> Matéria para o Terra sobre como o aumento da anuidade das universidades britânicas afetam estudantes brasileiros, publicada no dia 22 de dezembro de 2010 (leia aqui).
Além das estudantes brasileiras – que me deram um depoimento bem completo sobre suas vivências e impressões para o futuro -, cada um dos especialistas têm um background superinteressante (clique nos links para ler sobre eles): o pesquisador Steve Woodfield (Kingston University), de uma das melhores instituições da área no Reino Unido, o reitor Nigel Thrift (Warwick University) – uma das melhores, após Oxford e Cambridge, localizada em Coventry – e Tom Chigbo, da União dos Estudantes da Universidade de Cambridge.

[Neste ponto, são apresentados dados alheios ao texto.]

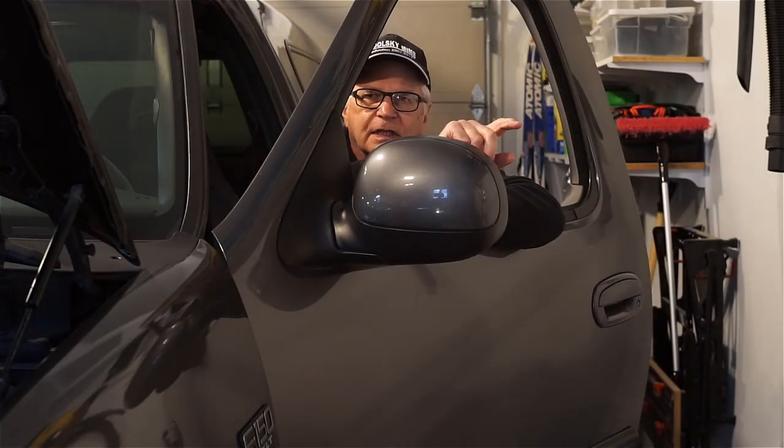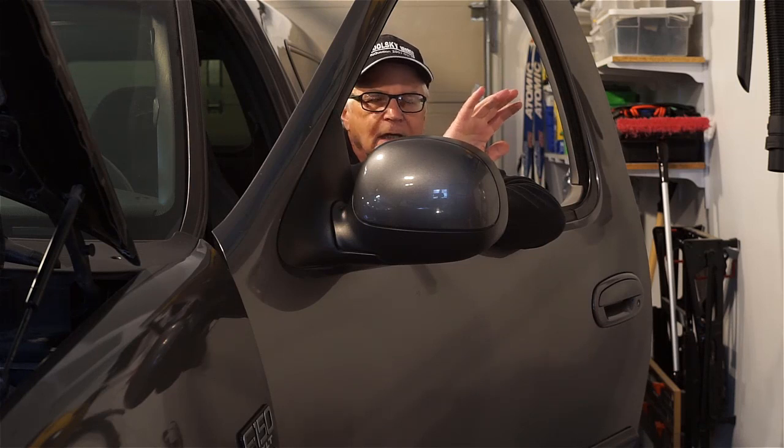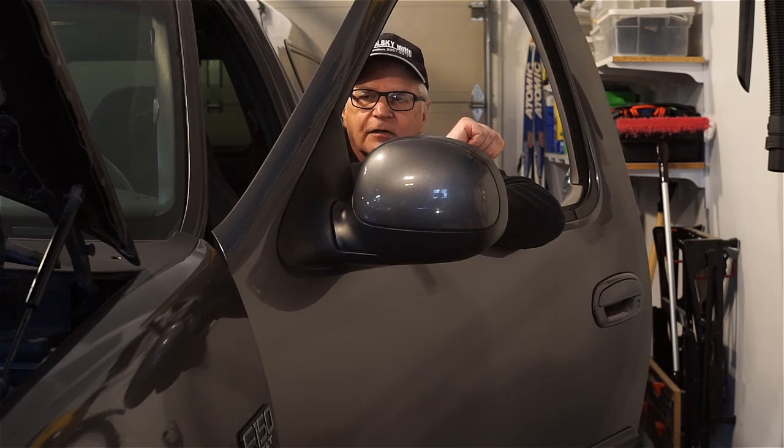I want to show you guys something rather interesting. We're going to do just a run-of-the-mill relative compression test. I've got a 650 amp clamp on the starter cable. And let's do that first.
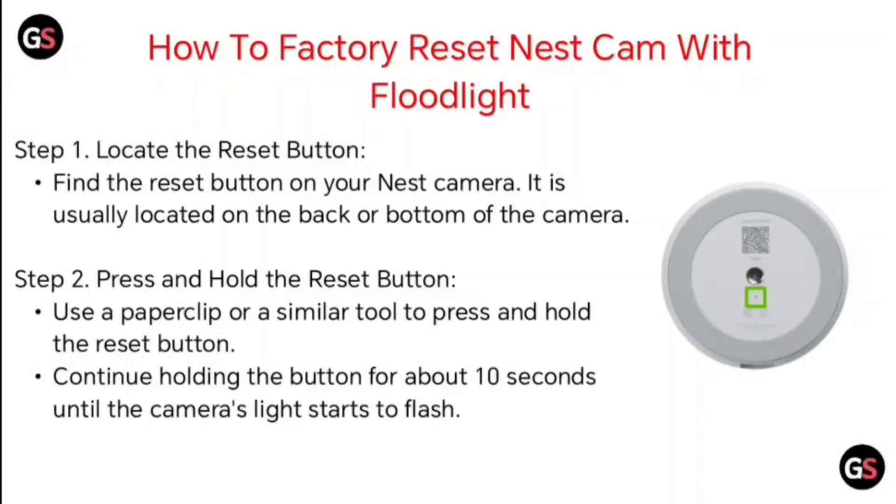Step 2: Press and hold the reset button. Use a paper clip or a similar tool to press and hold the reset button. Continue holding the button for about 10 seconds until the camera's light starts to flash.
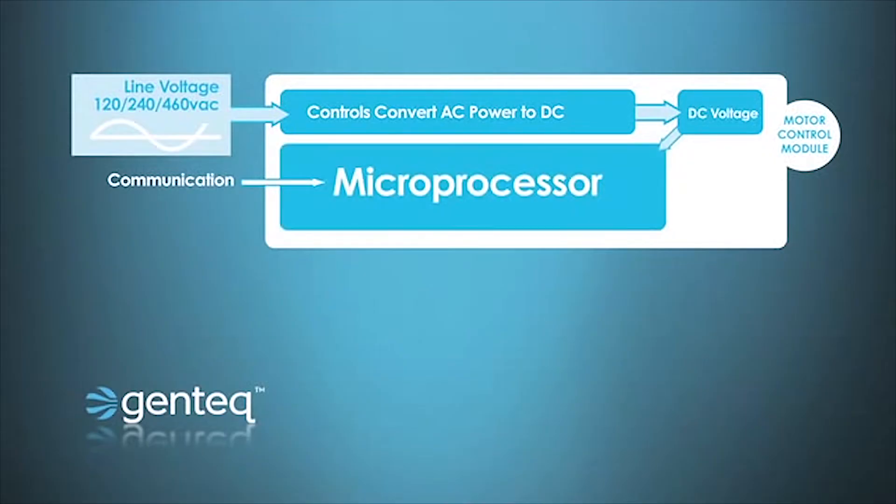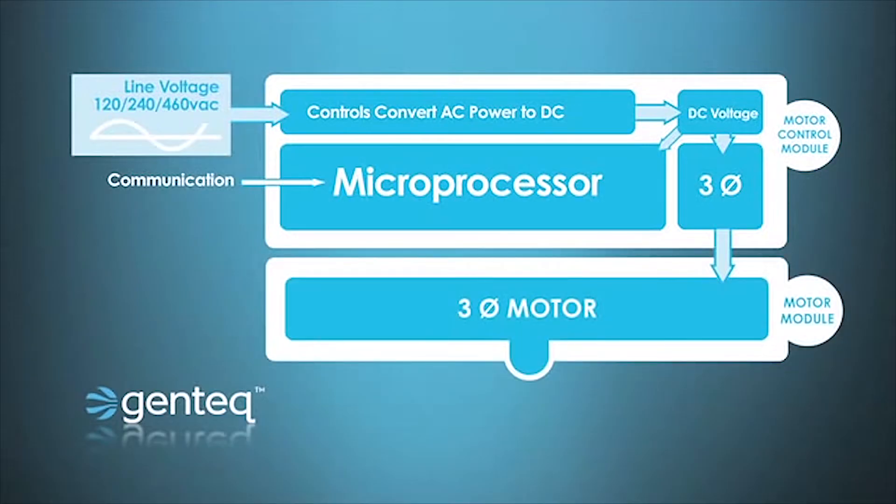The microprocessor uses stored information to determine how to operate the motor. The way it does this is it determines how much torque and speed the motor needs, and through controls takes that DC power and recreates a three-phase signal — not a sine wave, but a three-phase DC signal that is sent to a three-phase motor. So essentially, we have AC power converted to DC power operating a three-phase motor.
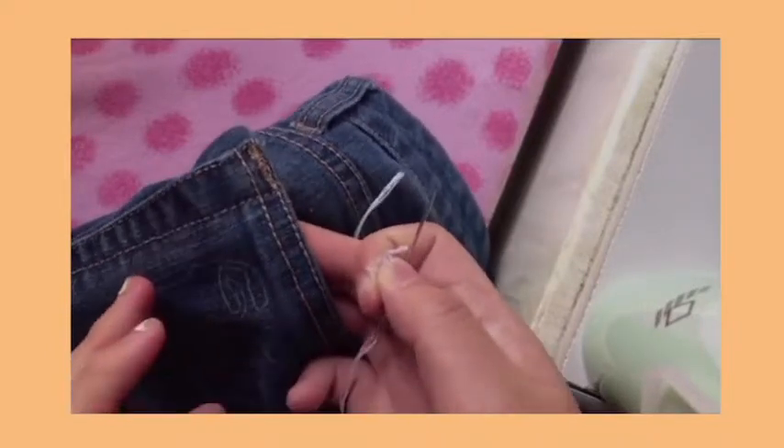I finally undid the stitch, and it took quite the effort to remove it, but at least it's done.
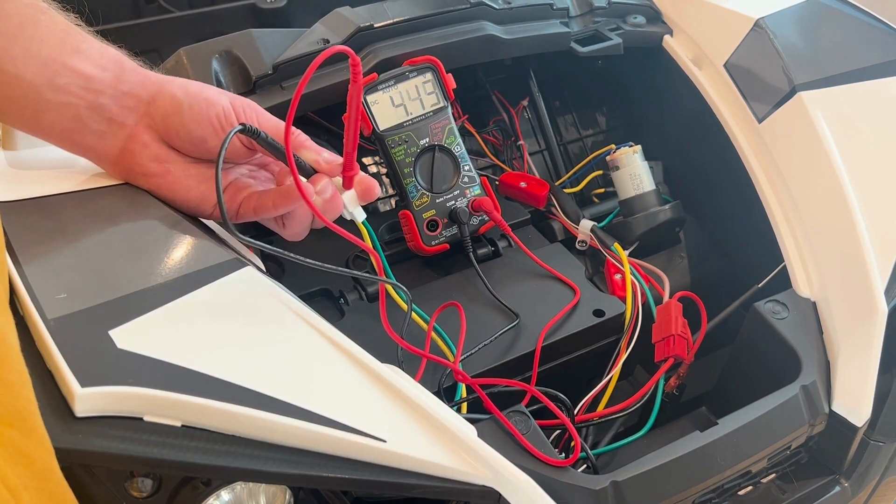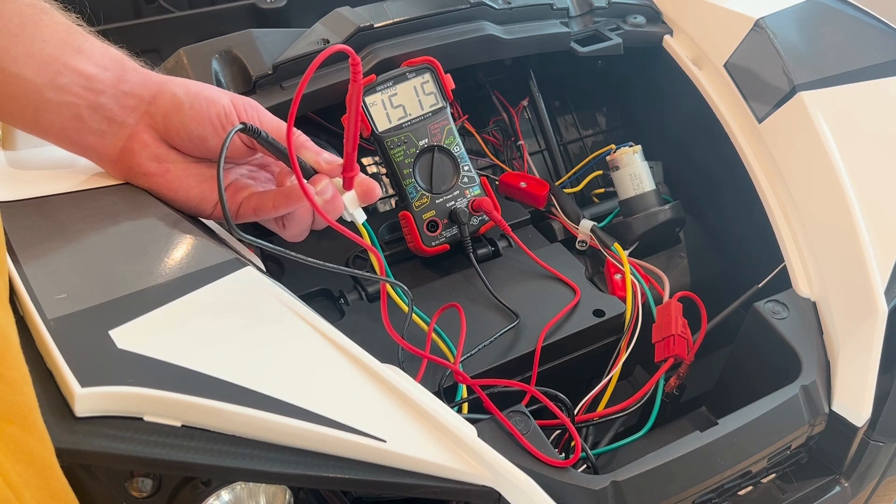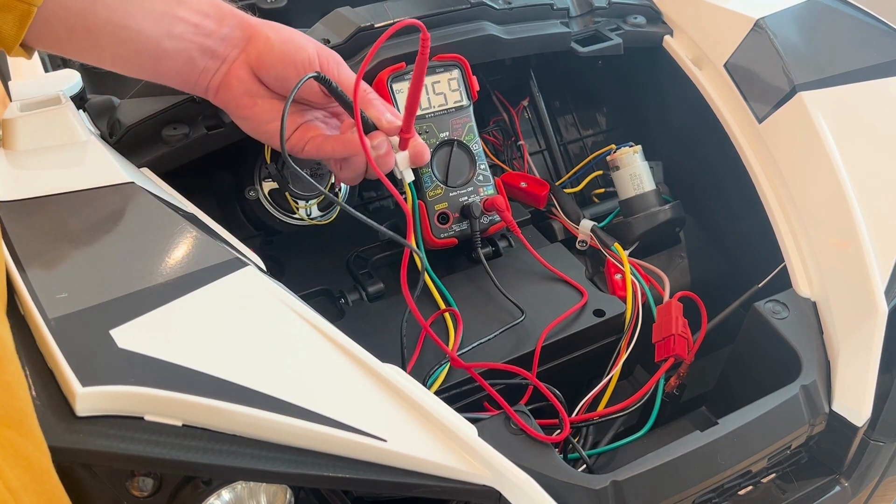Turn on the car and press the gas pedal. The motor attachment should read approximately 6, 12, or 24 volts if it is working properly.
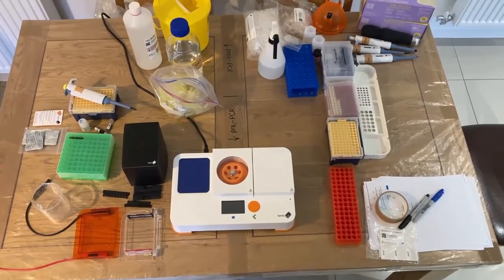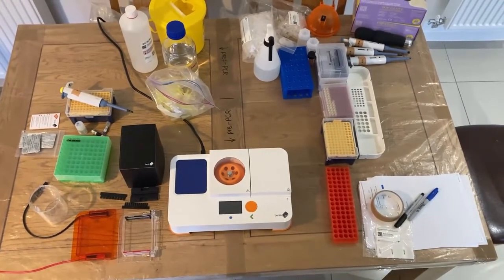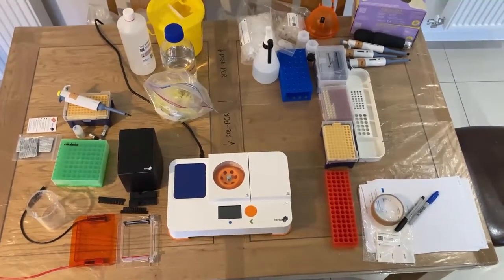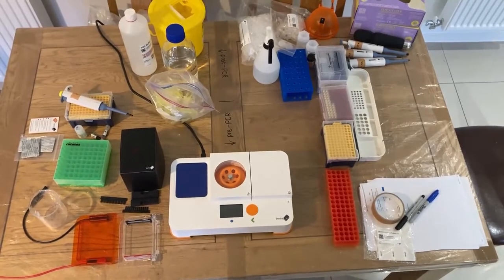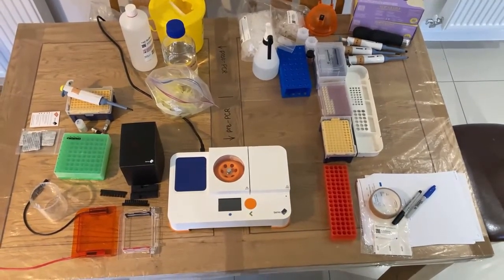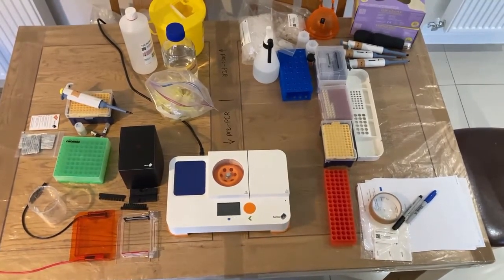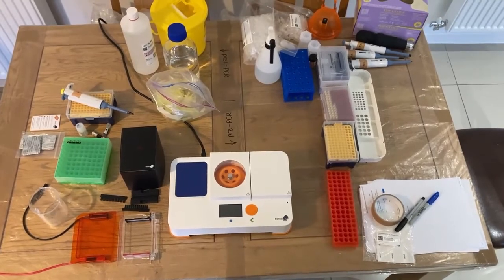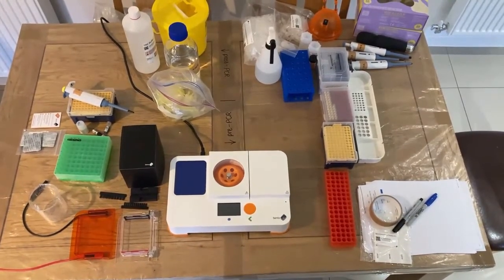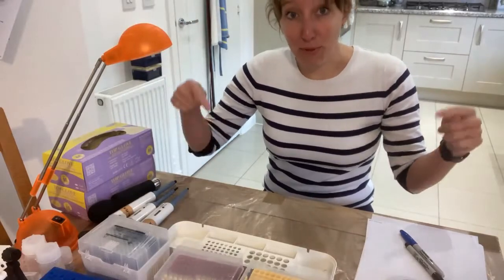It's not strictly necessary to do this, but it's very good molecular biology practice to keep your pre and post-PCR products separate, just to reduce contamination. Because I'm working with things that might end up being in the kits that are sent to you, I need to make sure that they cannot be contaminated. So when you see me on Twitter doing DNA extractions or setting up PCRs, I'm always sat at this end of the table — my pre-PCR end.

> Ao pesquisador Steve Woodfield, perguntei ainda qual era a opinião dele sobre o Ensino Superior no Brasil:
“As Brazil is one of the ‘BRIC’ economies, trends in its higher education system are closely watched by many in the UK. From the outside it appears that the Brazilian HE sector is seeking to expand to meet the demand for qualified graduates as its economy grows and develops. Unlike the UK, the private sector is a significant provider of HE in Brazil, helping to improve access to post-secondary education at relatively low cost. However, the public sector is still associated with higher quality provision and entrance is highly competitive, and viewed as ‘elitist’. Like many countries seeking to expand access whilst maintaining quality and controlling costs, the Brazilian HE system faces many structural challenges (e.g. secondary-level attainment, a lack of qualified applicants, uneven quality of institutions, student dropouts). However, the government is seeking to address these issues through policies focused on affirmative action, supporting low-income students to study in university, and improving participation and achievement in secondary education. In addition, the top universities in Brazil are beginning to increase their focus on international partnerships as a means of enhancing quality and international exposure through developing research links and promoting student and staff mobility.”